Ryan Shorthouse: Yes, very much so and I think the UK is an outlier compared with other European countries in not providing that system. That has an impact both on individuals and on the wider economy as well because of people going into jobs that maybe do not match their skillsets.

Q12            Nigel Mills: Do the rest of the panel think that is a priority, something we ought to look at, or is it a second-order change?

Robert Joyce: I agree that there is a strong case for it and Nick Timmins, who is on the second panel today, has written about some of the possible things that you could do along those lines. It would be worth talking about that perhaps. I think that you could do things there that would change the system quite a bit.

On the revolutionary point, I am not revolutionary. I find it quite hardhaving just been through 10 years of upheaval with Universal Credit, upheaval for claimants, bandwidth, the DWP—to get excited about spending the next 20 years trying to turn our welfare system into something that looks like Germanys or something like that. I am not sure that is particularly helpful.
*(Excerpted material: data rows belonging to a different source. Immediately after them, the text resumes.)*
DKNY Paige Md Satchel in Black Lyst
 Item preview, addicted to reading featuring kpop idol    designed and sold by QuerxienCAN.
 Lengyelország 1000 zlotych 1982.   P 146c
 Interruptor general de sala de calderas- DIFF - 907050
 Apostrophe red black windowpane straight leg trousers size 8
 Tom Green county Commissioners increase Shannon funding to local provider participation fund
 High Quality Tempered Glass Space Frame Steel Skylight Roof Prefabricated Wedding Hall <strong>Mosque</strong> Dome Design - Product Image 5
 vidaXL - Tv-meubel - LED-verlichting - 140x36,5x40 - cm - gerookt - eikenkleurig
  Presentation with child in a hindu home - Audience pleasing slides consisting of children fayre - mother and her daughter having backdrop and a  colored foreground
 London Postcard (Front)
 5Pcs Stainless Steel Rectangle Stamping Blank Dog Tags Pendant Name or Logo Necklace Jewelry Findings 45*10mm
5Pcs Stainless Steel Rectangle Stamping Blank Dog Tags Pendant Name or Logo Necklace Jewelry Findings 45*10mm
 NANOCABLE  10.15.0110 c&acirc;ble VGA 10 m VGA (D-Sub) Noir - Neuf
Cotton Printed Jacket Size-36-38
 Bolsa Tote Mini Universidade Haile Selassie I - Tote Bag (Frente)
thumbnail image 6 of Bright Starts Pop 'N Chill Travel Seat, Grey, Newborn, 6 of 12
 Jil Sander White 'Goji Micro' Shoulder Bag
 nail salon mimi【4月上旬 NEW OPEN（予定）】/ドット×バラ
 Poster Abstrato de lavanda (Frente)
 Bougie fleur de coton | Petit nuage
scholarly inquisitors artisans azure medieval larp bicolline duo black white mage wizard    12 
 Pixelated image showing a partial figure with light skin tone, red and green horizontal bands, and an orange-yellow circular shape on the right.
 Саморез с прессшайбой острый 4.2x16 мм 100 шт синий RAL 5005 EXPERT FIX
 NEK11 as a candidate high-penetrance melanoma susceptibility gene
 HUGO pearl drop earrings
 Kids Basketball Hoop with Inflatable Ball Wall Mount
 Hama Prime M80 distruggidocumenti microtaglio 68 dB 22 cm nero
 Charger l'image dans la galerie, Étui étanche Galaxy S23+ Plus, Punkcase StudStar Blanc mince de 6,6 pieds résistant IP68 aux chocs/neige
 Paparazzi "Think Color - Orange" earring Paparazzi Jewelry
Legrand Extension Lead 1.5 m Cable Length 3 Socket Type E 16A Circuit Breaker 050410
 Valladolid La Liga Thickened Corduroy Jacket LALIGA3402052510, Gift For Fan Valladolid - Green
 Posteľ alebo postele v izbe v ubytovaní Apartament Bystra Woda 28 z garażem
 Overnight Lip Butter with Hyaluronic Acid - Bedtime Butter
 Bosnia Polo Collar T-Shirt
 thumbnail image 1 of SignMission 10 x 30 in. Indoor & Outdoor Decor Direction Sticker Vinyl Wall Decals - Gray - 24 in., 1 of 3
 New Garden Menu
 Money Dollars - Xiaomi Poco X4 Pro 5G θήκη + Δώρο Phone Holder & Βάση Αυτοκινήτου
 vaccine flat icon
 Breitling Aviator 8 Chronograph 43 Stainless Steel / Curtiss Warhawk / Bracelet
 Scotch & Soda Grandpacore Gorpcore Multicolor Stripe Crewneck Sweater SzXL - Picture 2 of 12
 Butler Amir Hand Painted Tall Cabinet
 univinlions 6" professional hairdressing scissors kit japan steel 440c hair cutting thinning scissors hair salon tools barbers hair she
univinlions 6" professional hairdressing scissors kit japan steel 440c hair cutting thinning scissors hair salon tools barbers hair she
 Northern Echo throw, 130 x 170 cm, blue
However, yes, I do think you could make our system do things that it does very little of, such as providing some degree of insurance to people on not the lowest levels of earnings but somewhat modest earnings, which would have potentially many wider benefits of the kind that Ryan Shorthouse has been talking about. That is one direction that is worth looking at.

Q13            Steve McCabe: I want to direct my question to Robert Joyce. The benefits and tax credits report that the IFS produced, I think this February, says that the system has become increasingly skewed towards pensioners and families with children. Could you tell me why you think that has happened and what the implications are for young people, working people, and people without children?

Robert Joyce: To be fair, that is the long-run trend. It depends when you start the clock. If you start the clock in 2010, it is a bit different in that families with children have experienced disproportionate cuts over that period. Yes, the long trend is an increasing profiling of support towards pensioners and, within the working-age system, towards those with children.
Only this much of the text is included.